**WHAT YOU HAVE TO DO:** The line with "Pralinés von Maestrani" starts the range, and the last line of the listing ends it. Retype that range exactly, without pictures.

**DATASET CONTENT:**
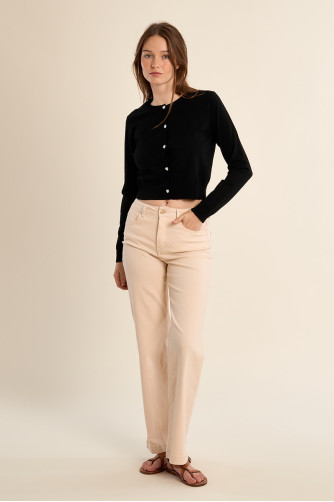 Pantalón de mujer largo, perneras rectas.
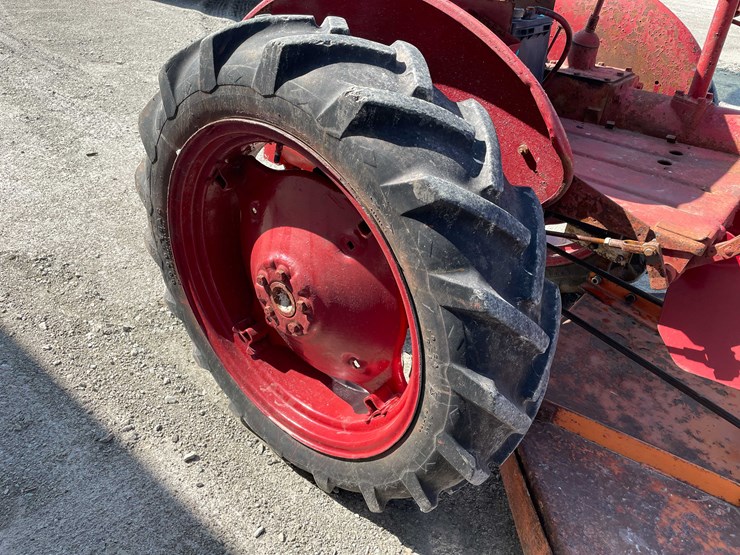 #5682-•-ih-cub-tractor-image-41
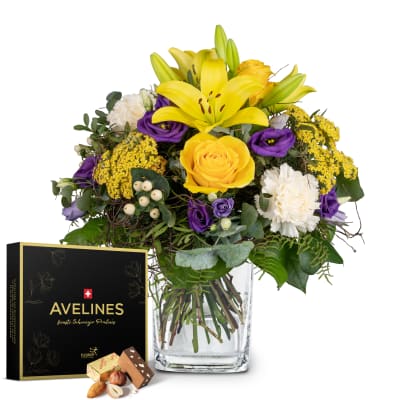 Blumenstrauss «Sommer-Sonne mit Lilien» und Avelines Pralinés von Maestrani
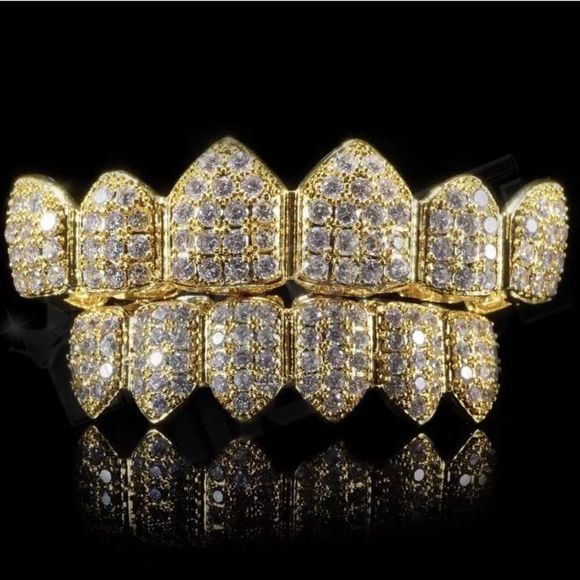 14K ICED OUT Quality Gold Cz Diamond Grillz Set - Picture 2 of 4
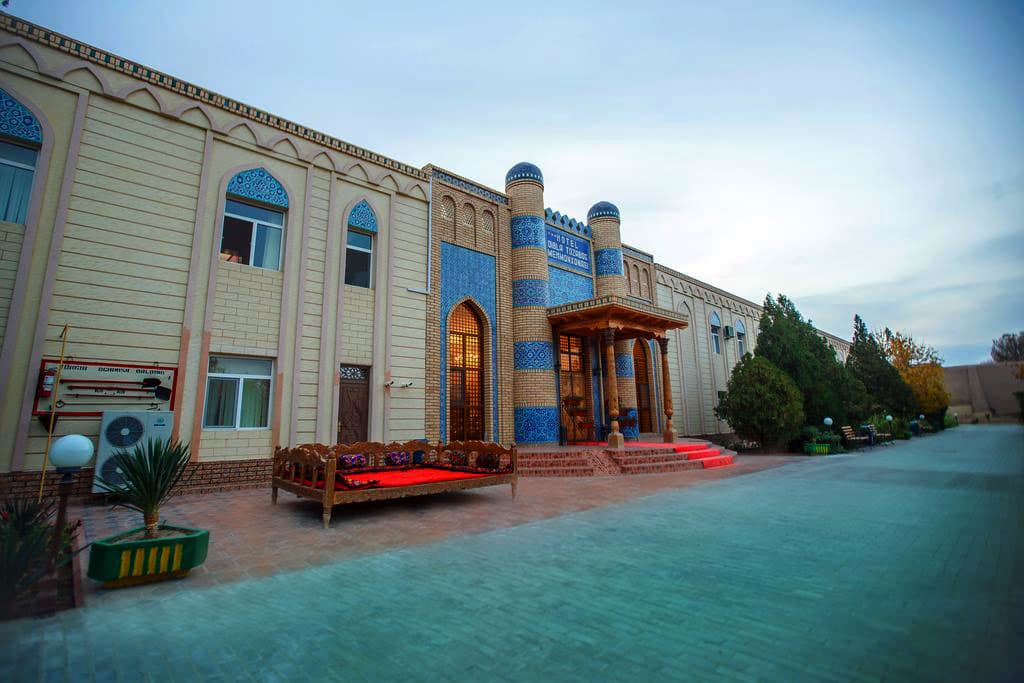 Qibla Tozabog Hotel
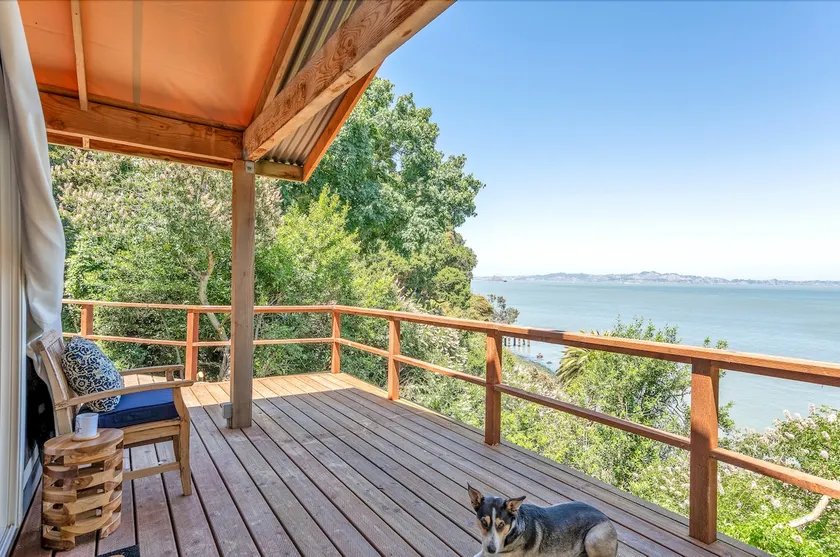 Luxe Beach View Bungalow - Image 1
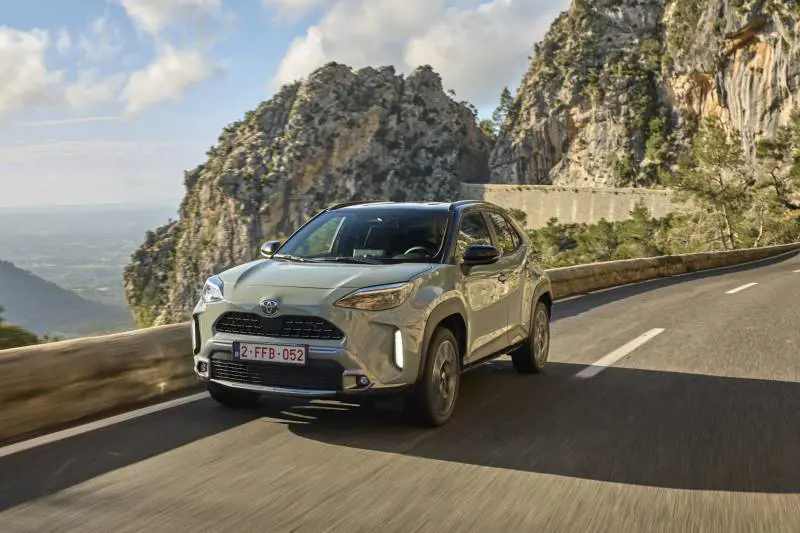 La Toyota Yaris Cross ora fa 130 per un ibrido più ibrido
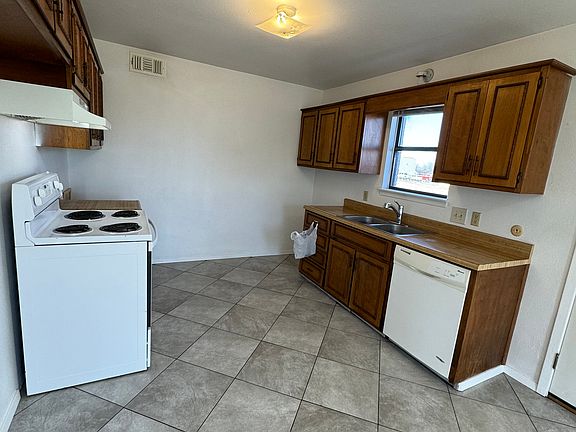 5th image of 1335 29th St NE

**OUTPUT BELOW:**
 Blumenstrauss «Sommer-Sonne mit Lilien» und Avelines Pralinés von Maestrani
 14K ICED OUT Quality Gold Cz Diamond Grillz Set - Picture 2 of 4
 Qibla Tozabog Hotel
 Luxe Beach View Bungalow - Image 1
 La Toyota Yaris Cross ora fa 130 per un ibrido più ibrido
 5th image of 1335 29th St NE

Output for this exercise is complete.